Sens. Ed Markey and Ron Wyden are also pressing the immigration enforcement agency to detail their use of surveillance technologies.
Sens. Ed Markey (D-Mass.) and Ron Wyden (D-Ore.) are calling on the U.S. Immigration and Customs Enforcement to stop using "technologies and surveillance tactics" including facial recognition software and data broker services that they say are threatening privacy rights in the United States.
Their Sept. 12 letter to acting ICE director Tae Johnson comes in response to a May report from Georgetown Law's Center on Privacy and Technology that concluded that the agency has assembled a "surveillance dragnet" using information from private data brokers and state and local bureaucracies.
"ICE should immediately shut down its Orwellian data-gathering efforts that indiscriminately collect far too much data on far too many individuals," the lawmakers wrote. "This surveillance network has exploited privacy-protection gaps and has enormous civil rights implications."

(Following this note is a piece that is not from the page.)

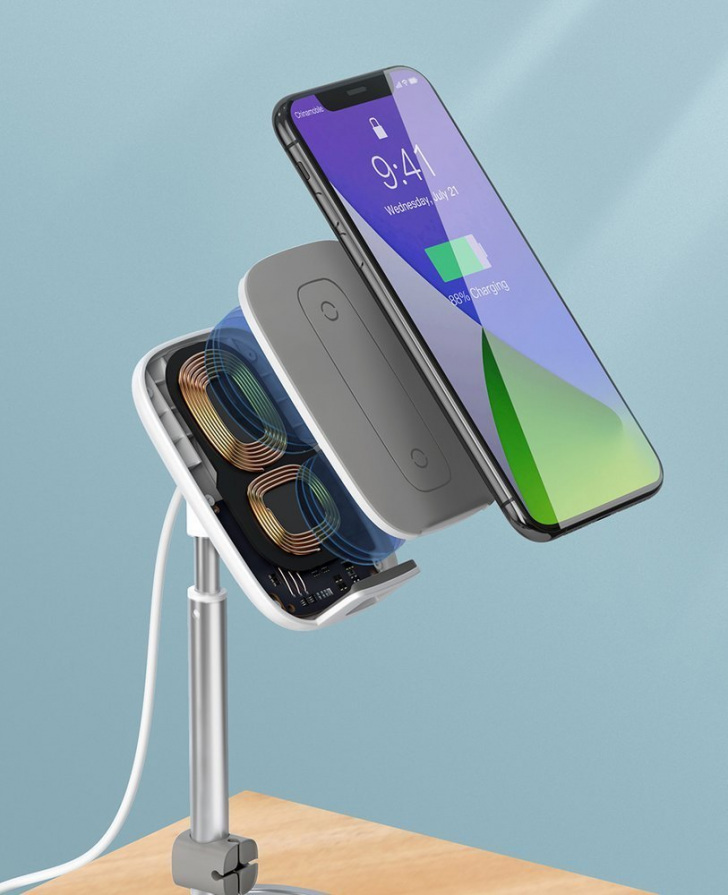 Pol Pl Baseus Bezprzewodowa Ladowarka Qi 15 W Teleskopowy Stojak Uchwyt Podstawka Na Telefon Z Kablem Usb Rozowy Suwy D0r 63471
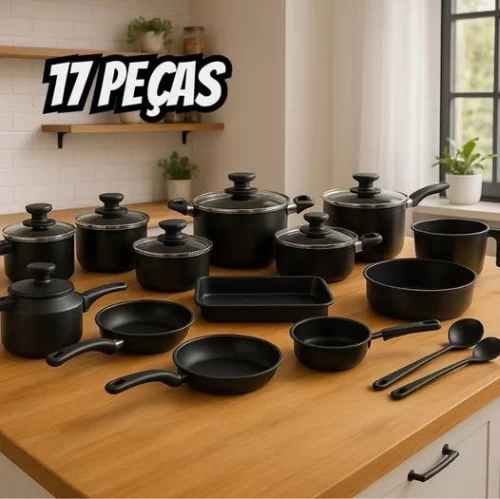 Conjunto Panelas 17 Pc Antiaderente Brinde Panela Pressão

According to the Georgetown report, ICE has used facial recognition to scan the driver's license photos of one in three U.S. adults, the report states. ICE also leverages data handed over to state and local agencies and other institutions to get essential services like utilities, a point that Markey and Wyden called "especially troubling" in their letter. The report also details the use of information from private data brokers.
Much of this work at ICE has been happening without oversight from the courts, Congress or the public, the report states, despite the vast implications for privacy and the "chilling effect" the agency's actions have had already on immigrants interacting with government systems and services.
The report calls out the lack of oversight from lawmakers thus far, pointing out that there haven't been hearings or investigations from the Government Accountability Office on ICE surveillance.
The report recommends that Congress pass laws prohibiting the use of data gathered for benefits and services for deportations and limiting the use of DMV data for law enforcement immigration purposes.
For now, Markey and Wyden are asking for detailed information from ICE about facial recognition, including how the agency accesses driver's license photos from state agencies and how it uses facial recognition in immigration proceedings. The lawmakers also want to know about the agency's use of information from data brokers and cell location data.
Previously, Markey and Wyden have introduced a bill that would ban the use of biometrics in federal agencies and condition federal grants to state and local entities on that ban. Wyden has also introduced a bill, co-sponsored by Markey, to require the government to get a court order to obtain information from data brokers.